According to Bildner, the DOC had an “informal policy” that “if you didn’t come into prison having received transitional care, you could not get it in prison.”

“She was fighting against something that she couldn’t see,” Bildner said. “The DOC said ‘Yes, you do [have gender dysphoria], and then refused her any transitional care on the basis of this unwritten policy.”

In the months after her hospitalization, Clark continued to request hormone therapy and gender-affirming surgery. She described her situation as “simply intolerable” and DOC’s treatment of her as “cruel and unusual.”

Later, in September 2017, Clark saw an endocrinologist at University of Connecticut Health. Her physician prescribed her a low “starter dose” of spironolactone and estradiol: two drugs used for hormone therapy. The physician requested a follow-up in three months with Clark to track her progress and increase her dosage to a therapeutic level.

Clark did not see the doctor again until August 2019.

The case

The inconsistent care, despite her requests, led Clark to sue the DOC for violating her Eighth Amendment right to freedom from cruel and unusual punishment and her Fourteenth Amendment right to equal protection under the law in April 2019, according to the complaint.

The Connecticut ACLU joined her team in 2021.

Bildner said the lawsuit occurred in two phases. The first, which was presided over by now-retired Justice Vanessa Bryant, was meant to “convince the court that if prisons have to provide health care, gender affirming care is health care.

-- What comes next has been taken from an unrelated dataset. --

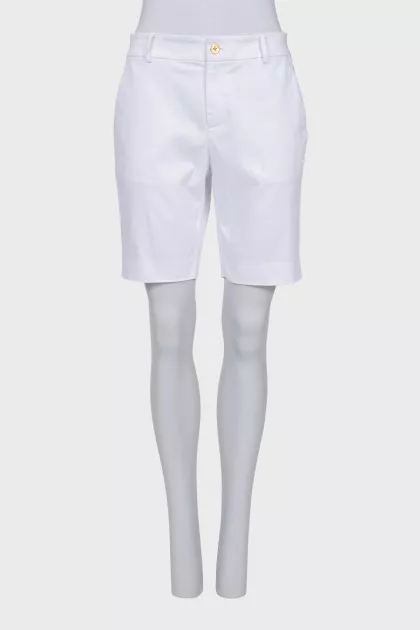 White straight shorts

Therefore, prisons have to provide gender affirming care.”

On Sept. 15, 2023, the U.S. District Court issued summary judgment in favor of Clark. The court concluded that DOC employees were “deliberately indifferent to Ms. Clark’s serious medical needs.”

After that first decision, the case moved into its second “trial phase,” according to Bildner. This second phase took place throughout July 2024.

“[In] the trial phase, the DOC was trying to convince the judge [to] ‘forget about what had happened in the past,’ because they were now on top of it and no judicial intervention was required.”

The DOC presented evidence that since the September 2023 ruling, they were making an increased effort to give Clark the treatment she requested.